Is there a general logic as to how the syllable "ate" is modified in different circumstances?
The notion that literate being a descriptor and obliterate being a verb, has merit in the matter of pronunciation of the last syllable.
My first thought was that "literate" had an unstressed final syllable because it had entered English earlier and had been subjected to the truncation of the end sounds that happened to many words in the late 1400's into the 1500's. That may have been the case. The OED will not date the word's entry into English but other sources suggest the 1400's. The word may well have evolved from LIT TER AH teh to LIT TER uht in speech over the last 500 years.
There is a general agreement that "obliterate" came into English a couple of centuries later. But no principle can really be established by that. "Commiserate" a verb, and "commensurate", a descriptor, arrived at about the same time. The verb has the final sound of obliterate, and the descriptor the sound of literate. The word "certificate" is more to the point. As a verb its last syllable is stressed like "obliterate", as a noun it has the final syllable of "literate" (OED).

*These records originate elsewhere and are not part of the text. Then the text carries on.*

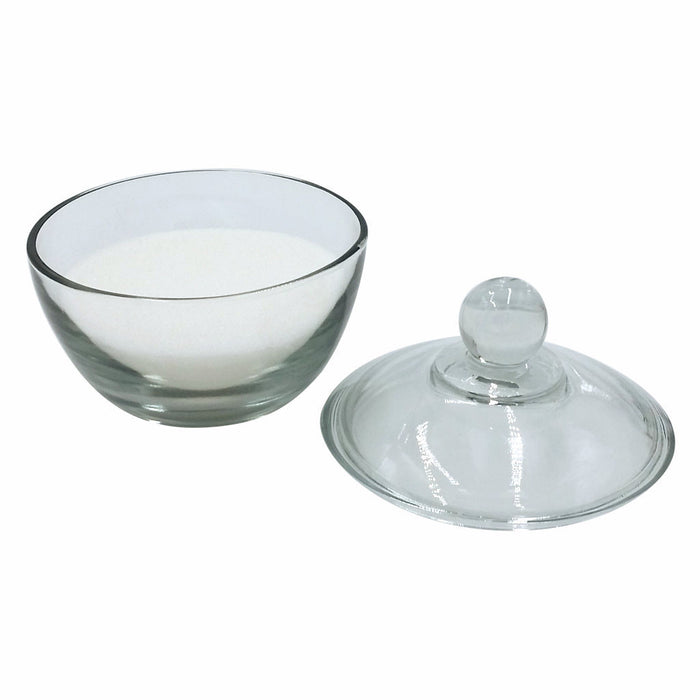 SUGAR BOWL WITH COVER 8 OUNCE
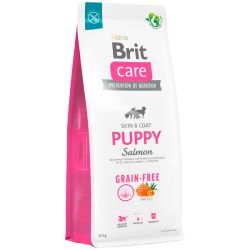 Brit Care GF Puppy для цуценят з Лососем і картоплею 12 кг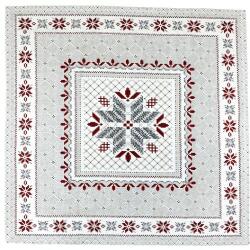Mondo Italia Gobelin asztalterítő 90x90 cm Chenille IT024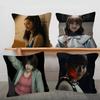 TV Drama Alice In Borderland Cartoon Series Square Pillowcase Soft Waist Sofa Cushion Cover Bedroom Room Pillowcase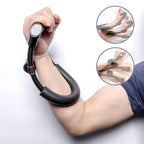 Adjustable Wrist Strengthener for Finger and Forearm Training, Black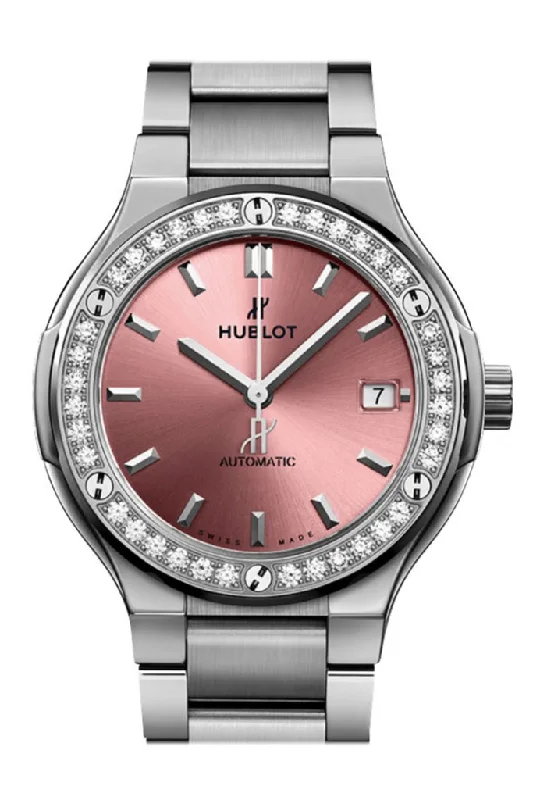 Hublot Classic Fusion Automatic 38mm Ladies Watch 568.NX.891P.NX.1204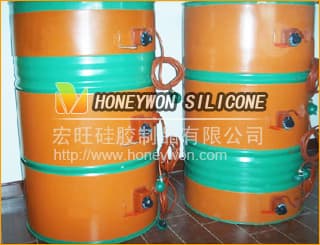 Silicone Side Drum Heater Oil Drum Heaters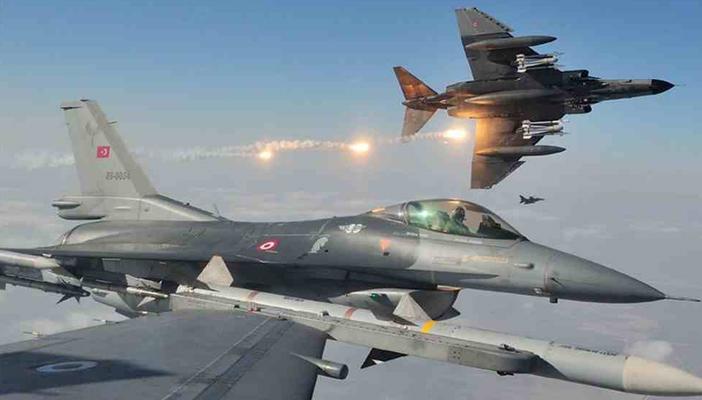 أكثر من 50 طائرة تركية تقصف مواقع لـ”العمال الكردستاني” بشمال العراق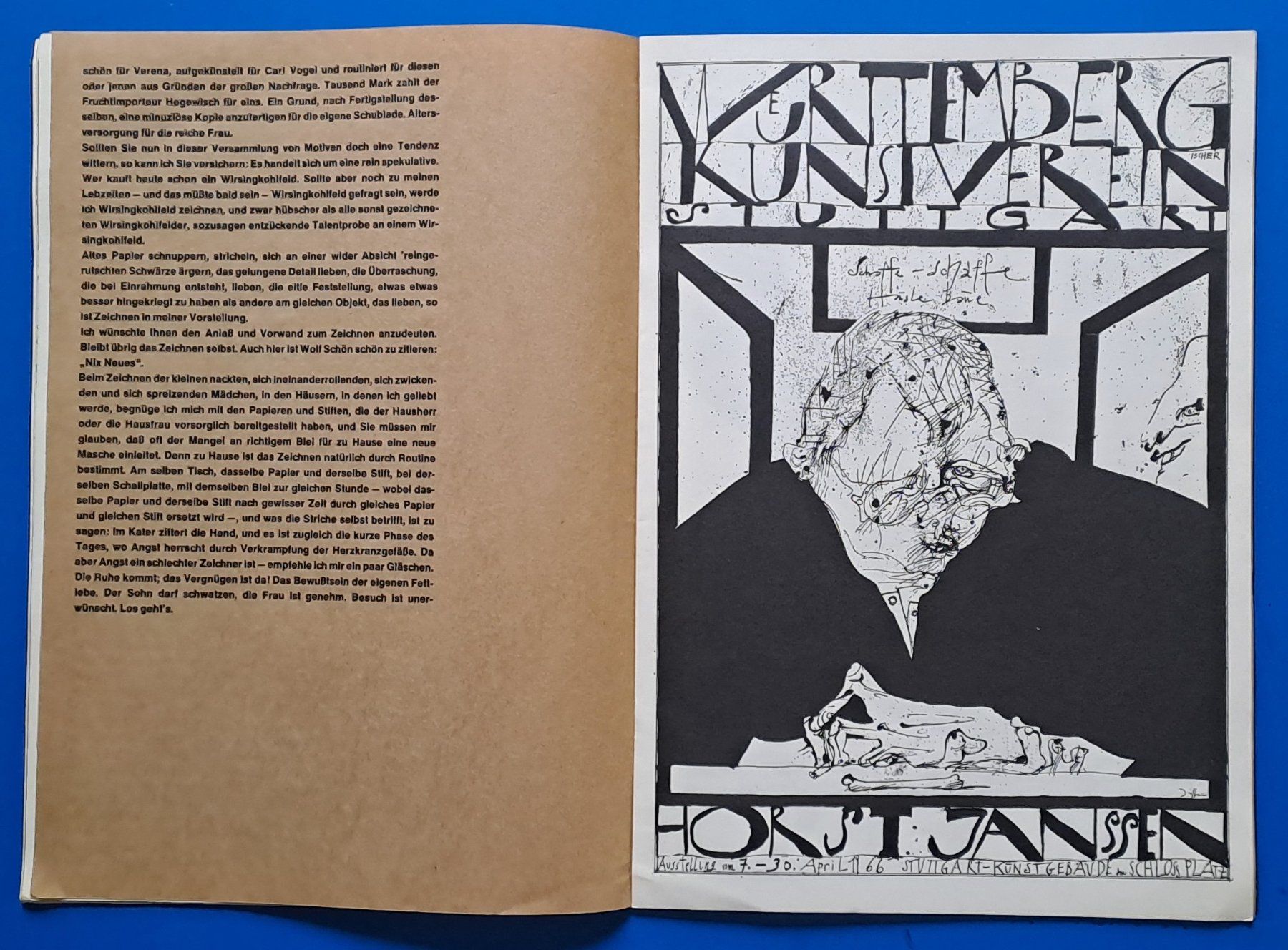 Bücher: HORST JANSSEN - PLAKATE. Erstausgabe 1966 – Gebraucht aus Zürich von archiphil 4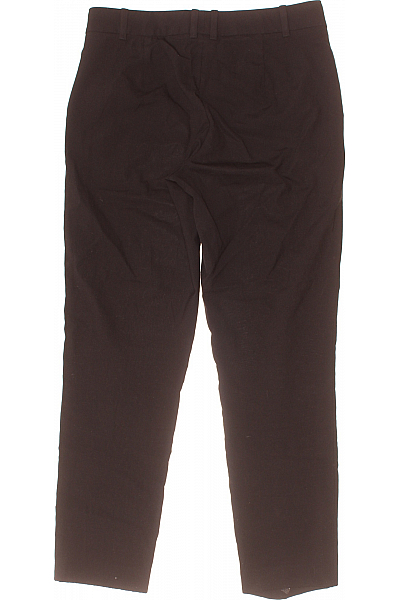 Hugo Boss Společenské Dámské Kalhoty Vlněné Černé Vel. 34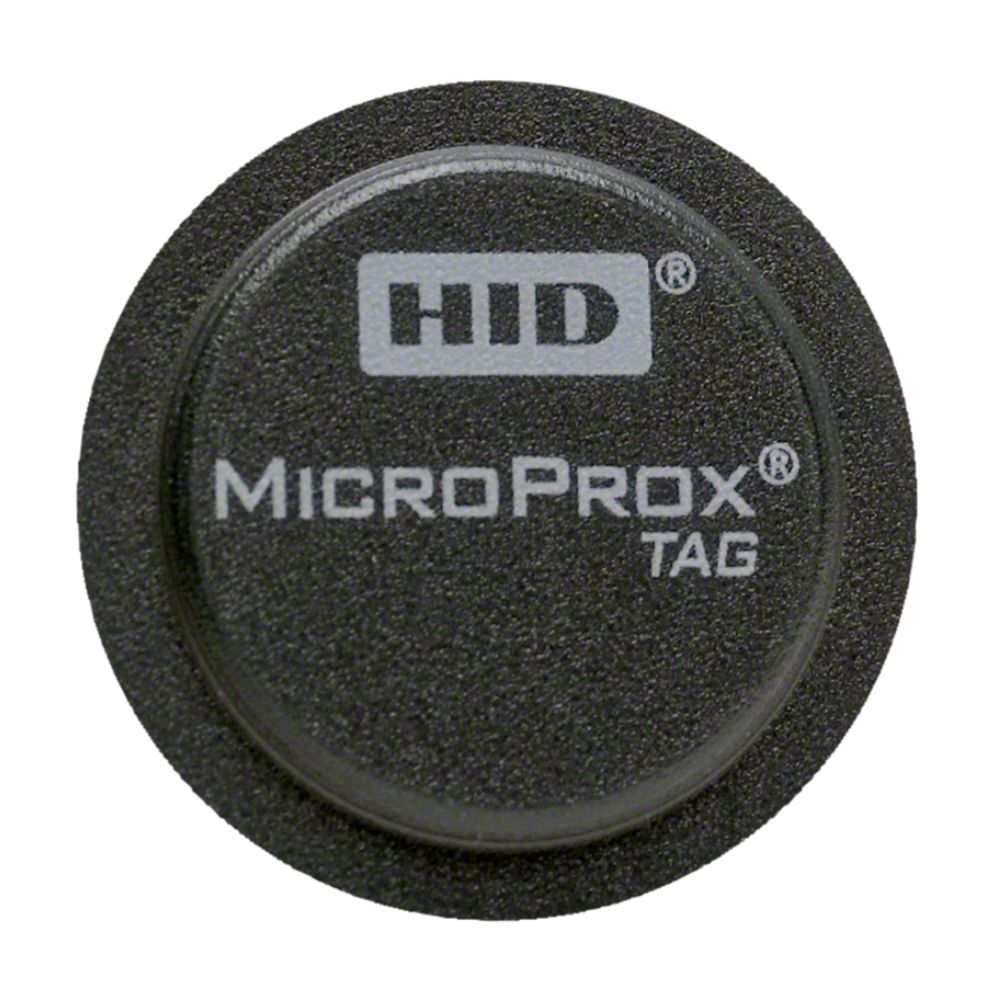 HID-MicroProx-Proximity-Access-Tag-Low-Frequency-G-1.jpg HID MicroProx Proximity Access Tag (Low Frequency, Gray Sequential Matching Card Numbering, Pack of 100) | HID-1391LSSMN - Image 1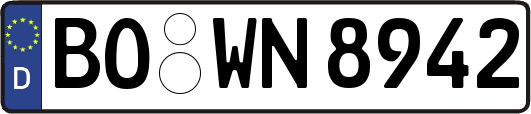 BO-WN8942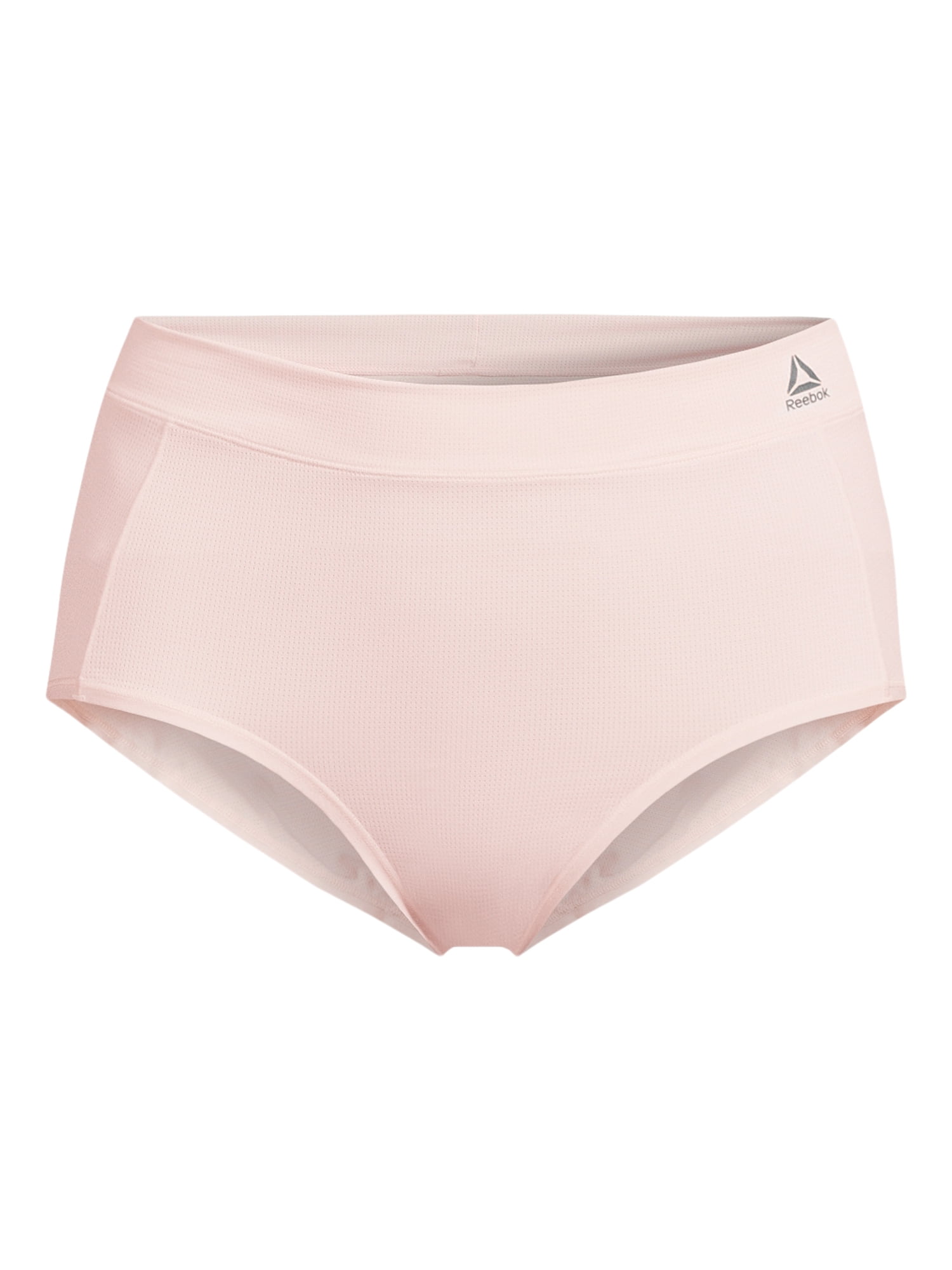 Reebok Women's Underwear Air Tech Performance Brief Panties, 6-Pack, Sizes XS-3XL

If a principle can be stated, it would be that a final "-ate" in a verb is stressed and in polysyllabic words that are not verbs it is unstressed. (verb examples, monosyllabic: mate, date, and rate all of which may be used as non-verbs.... polysyllabic verbs: consecrate, congratulate, deflate....polysyllabic non-verbs: confederate. degenerate, legitimate, illiterate).
No principle in English is really rigid. However it does seem that "-ate" at the end of a verb wants to be stressed. It would sound strange to a speaker of Modern English to hear someone yell "Obliteruht it!"